MATTHEW’s sudden and dramatic introduction of John the Baptist, straight after the return of the Holy Family from Egypt (Matthew 2.19-23), moves the focus from the dreams and signs that surround Jesus’s birth and early childhood to what might be called the beginning of the end.
John, who prepares the ground for the message that Jesus will bring, tells the crowds streaming out to the Jordan about the last act in Jesus’s ministry. Out of this final judgement, the baptism of fire, there are only two destinies: the wheat will be gathered, and the chaff will be burned (Matthew 3.11-12).
It is a terrifying proposition, even when it is detached from the experience of John’s contemporaries, who heard it from a preacher closely resembling the received picture of Elijah (2 Kings 1.8).
The part of the prophet is one aspect of John, fulfilling the promise of Isaiah 40.3 that a voice crying out in the wilderness would give warning to “prepare the way of the Lord”. For Matthew, Dale Allison writes, he is also “Jesus’s typological forerunner” (“Matthew” in The Oxford Bible Commentary, edited by John Barton and John Muddiman, Oxford, 2001).
Jesus and John make similar pronouncements and find themselves in conflict with the Pharisees and Sadducees. Their lives will end in capture, unjust judgment, and ignominious death. Only in Matthew’s Gospel does John utter Jesus’s call for repentance (Matthew. 3.2, see Dennis Duling, “Matthew”, in The Harper Collins Study Bible, HarperOne, 2006).
It is standard practice to explain that the root meaning of the Greek word “metanoia”, translated as “repentance” in English, means more than being sorry for one’s sins and resolving to live differently in future. It is a radical change of mind, a “coming to one’s senses” (see Ashley Null, Thomas Cranmer’s Doctrine of Repentance, Oxford, 2000).
In John’s fierce teaching, its effects must work both inwardly and outwardly, making individuals change their lives, not so much in the light of the past (although that matters), as in the light of the future.
Baptism in water is only the beginning, setting in motion the process towards complete transformation by the Holy Spirit, which will be the gift of the Messiah (Matthew 3.11). As John tells the Pharisees and Sadducees, it is not extra insurance for those who are already convinced that an Abrahamic pedigree and a devout lifestyle will qualify them for the life to come.

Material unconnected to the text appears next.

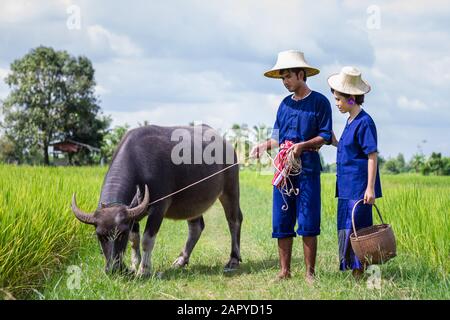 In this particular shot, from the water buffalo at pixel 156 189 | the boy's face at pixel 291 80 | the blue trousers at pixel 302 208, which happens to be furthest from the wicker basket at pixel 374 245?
the water buffalo at pixel 156 189

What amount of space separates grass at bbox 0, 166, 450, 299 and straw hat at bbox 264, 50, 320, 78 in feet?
5.97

Lives that have been comprehensively turned round will produce “good fruit” (Matthew 3.10). It is on that, not on privileges of ancestry, that God will eventually judge.

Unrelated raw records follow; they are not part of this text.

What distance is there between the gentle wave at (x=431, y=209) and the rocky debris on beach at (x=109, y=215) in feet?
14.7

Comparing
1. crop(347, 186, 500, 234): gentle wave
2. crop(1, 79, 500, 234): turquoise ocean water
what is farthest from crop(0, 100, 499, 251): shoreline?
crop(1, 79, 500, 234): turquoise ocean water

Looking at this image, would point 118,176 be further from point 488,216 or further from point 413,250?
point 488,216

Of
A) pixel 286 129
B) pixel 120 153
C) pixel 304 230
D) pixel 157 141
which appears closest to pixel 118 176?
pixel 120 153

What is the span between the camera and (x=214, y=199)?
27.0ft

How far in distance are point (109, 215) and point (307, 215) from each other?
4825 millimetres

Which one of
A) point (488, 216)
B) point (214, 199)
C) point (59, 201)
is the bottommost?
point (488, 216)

Paul writes in the language of promise and hope to the Roman Christians about their part in the future that is painted by the prophets. His vision is both logical and inclusive. Christ, by becoming “a servant of the circumcised”, fulfils the promise given to the patriarchs.
He includes the Gentiles by giving them grounds for praising God, who is merciful and faithful to his own people, and whose promise has, from ancient times, been open more widely: “The root of Jesse shall come, the one who rises to rule the Gentiles; in him the Gentiles shall hope” (Romans 15.12, Isaiah 11.10).
That divine welcome is a mandate for the behaviour of believers at the present time; for, if Christ has welcomed them, Jews and Gentiles alike, how could they fail to welcome each other (Romans 15.7)? The implication is that being welcoming is an intrinsic part of being Christian.
We must go to the source of Paul’s quotation to discover the full riches of Isaiah’s poem on the shoot that springs from the stock of Jesse (Isaiah 11.1-9). The prophet is imagining not only the restoration of the Davidic kingship, but the ushering in of a world made new, a return to paradise.
This passage captivates and reassures for several reasons — not least its great literary beauty: it is entirely understandable that the rolling cadences of the Authorised Version are preferred for Christmas carol services.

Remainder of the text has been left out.